Paediatric prehospital care has been identified as an area in need of improvement by the Institute of Medicine (IOM), and prehospital providers have repeatedly identified a need for increased and improved training in this area (IOM, 1995; Jewkes, 2001; Houston and Pearson, 2010). In 2008 and 2009, we conducted 9 focus groups during statewide conferences in Oregon to help better understand the needs of prehospital providers with regard to caring for children.

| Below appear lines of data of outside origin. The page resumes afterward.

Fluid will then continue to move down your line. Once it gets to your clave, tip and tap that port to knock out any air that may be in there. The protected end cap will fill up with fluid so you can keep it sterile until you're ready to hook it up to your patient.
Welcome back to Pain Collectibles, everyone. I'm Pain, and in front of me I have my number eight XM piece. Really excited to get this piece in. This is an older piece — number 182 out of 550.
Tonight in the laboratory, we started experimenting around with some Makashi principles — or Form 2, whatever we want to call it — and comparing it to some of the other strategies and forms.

In part 1 of our analysis, we presented our study, methods, and the results of our focus group analysis (Breon, 2011). In part 2, we describe our analysis in the context of the evolution of paramedic training in the US and compare our challenges to those in the international community. We expand upon the existing literature and use our focus group participants’ suggestions to formulate specific suggestions to improve paediatric prehospital education.

Results

Comfort caring for children

Providers widely stated that they felt less comfortable caring for children than adults. Specifically, the management of children with special health-care needs, medication dosing, and communication with children and families were identified as areas of discomfort.

Barriers to obtaining paediatric training

Providers identified cost, distance, and time for training as significant barriers to paediatric education. This was particularly true for rural providers, many of whom are volunteers. In addition, availability of educational content specific to prehospital providers was notably lacking. Providers commented that standardized courses such as paediatric advanced life support (PALS) were not designed for the prehospital setting and seemed less relevant to their practice.

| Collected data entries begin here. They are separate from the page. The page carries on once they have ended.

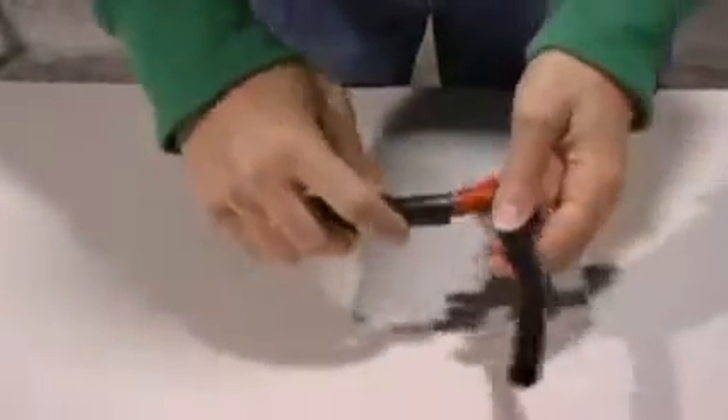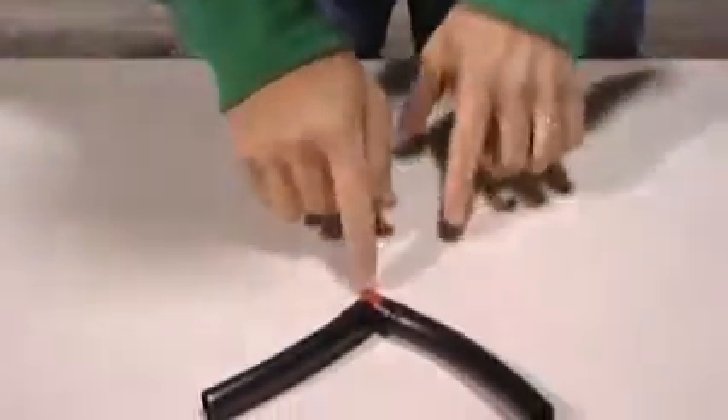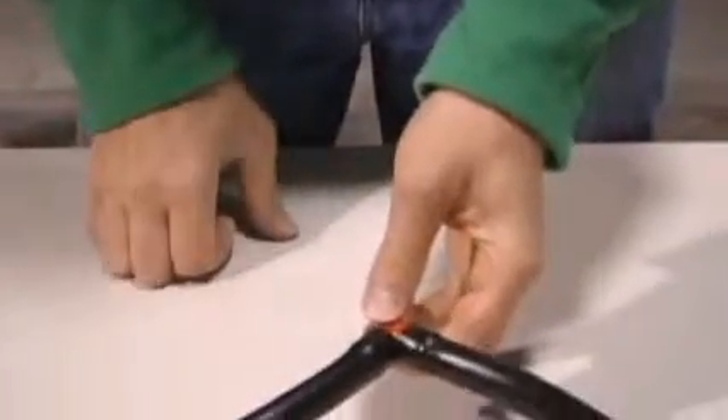Grab your connector and your tubing. Press it over the barb, then the second piece. And you have your 90-degree angle in your tubing, with the tubing seated securely on the fitting.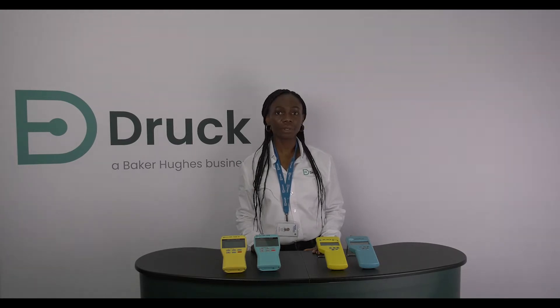Hi, I'm Moenda from DROC and as you may already know, we have a brand new replacement for our legacy product the DPI-705, which is called the DPI-705E. This replacement maintains its accurate and reliable pressure measurement capability as well as its rugged, robust and compact design.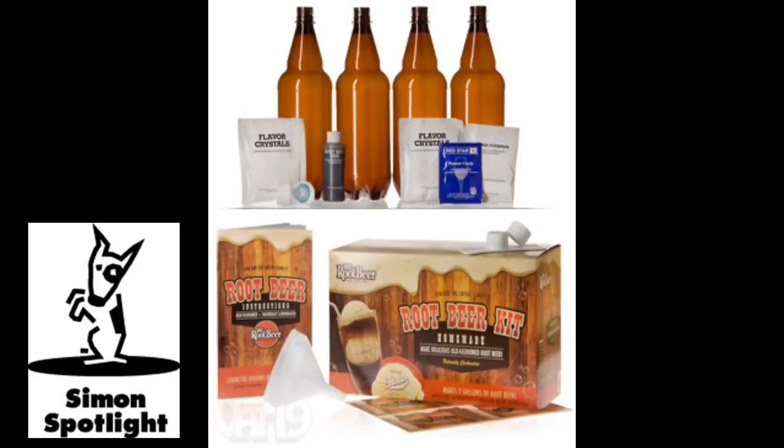Enjoy delicious homemade root beer with the Mr. Root Beer Kit. Brewing root beer is a fun activity for kids, and best of all, they get to enjoy the fruit of their labor and share it too. Sharing is important. Deliciously important.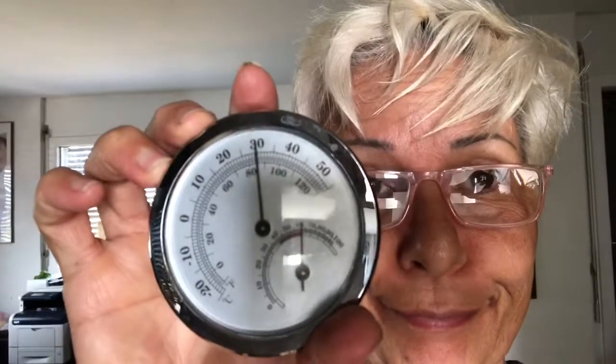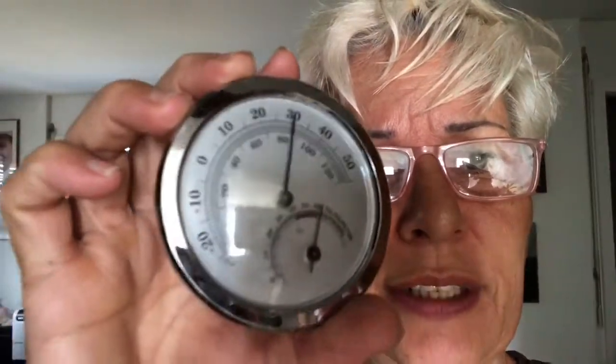Hi guys, this is the next day and I'm in my house now. As you can see — 30 degrees, which is about 85 degrees Fahrenheit. It's quite hot in here. Anyway, I'll show you also my battery that I have inside my van.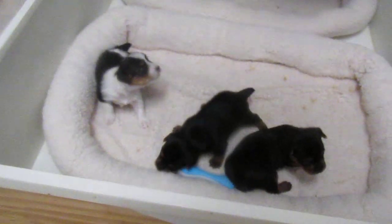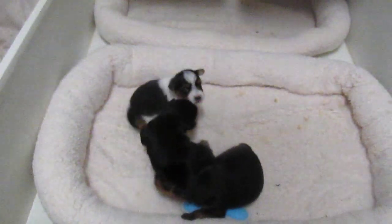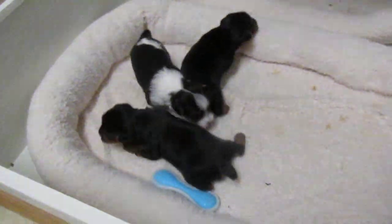I will get individual pictures and you'll see some close-ups of them. This is what they look like now.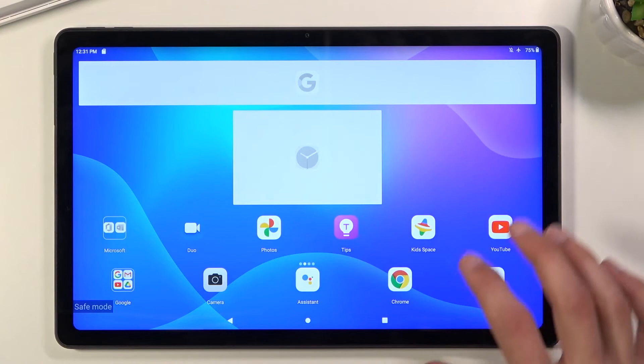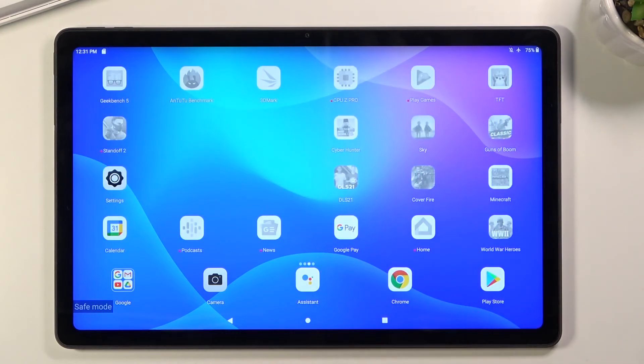As you can see, widgets are basically disabled and won't be able to start up. Any installed application you won't be able to run either — they are all disabled and cannot be run. Only the default apps will work, and that's it.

Strategies to improve paediatric education

  • Increase time spent with children: emergency medical technicians (EMTs) in all groups expressed a desire to spend more time interacting with children. They suggested visiting schools and spending time at paediatricians’ offices
  • Increase exposure to long-term illness and the emotional aspects of caring for children: participants desired more training focused on children with complex medical conditions and home health equipment. They also expressed a desire for training on the emotional aspects of caring for children. They suggested that psychologists, psychiatrists, and parents could all serve a role in educating providers about interpersonal and communication skills with children and parents
  • Use interactive online tools to expand access, increase availability of courses, and facilitate scheduling of courses: participants emphasized that online training should be interactive and easy to download and share. The majority of participants reported having access to the internet
  • Use simulation to provide hands-on training: participants identified using simulators as a way to increase their hands-on experience in various paediatric scenarios. In addition to allowing providers to practice skills, the simulators also reproduced some of the anxiety that is felt during an actual call.
  • Discussion

    Our study supports prior research documenting that prehospital providers feel less comfortable providing care to children than adults and that they desire more paediatric education (Federiuk et al, 1993; Roach and Medina, 1994; Gausche et al, 1998; Glaeser et al, 2000; Jewkes, 2001; Spaite et al, 2001; Gaffney and Johnson, 2001). In addition, our results identified a number of important barriers to obtaining quality paediatric training including cost, distance, time, and availability of training opportunities.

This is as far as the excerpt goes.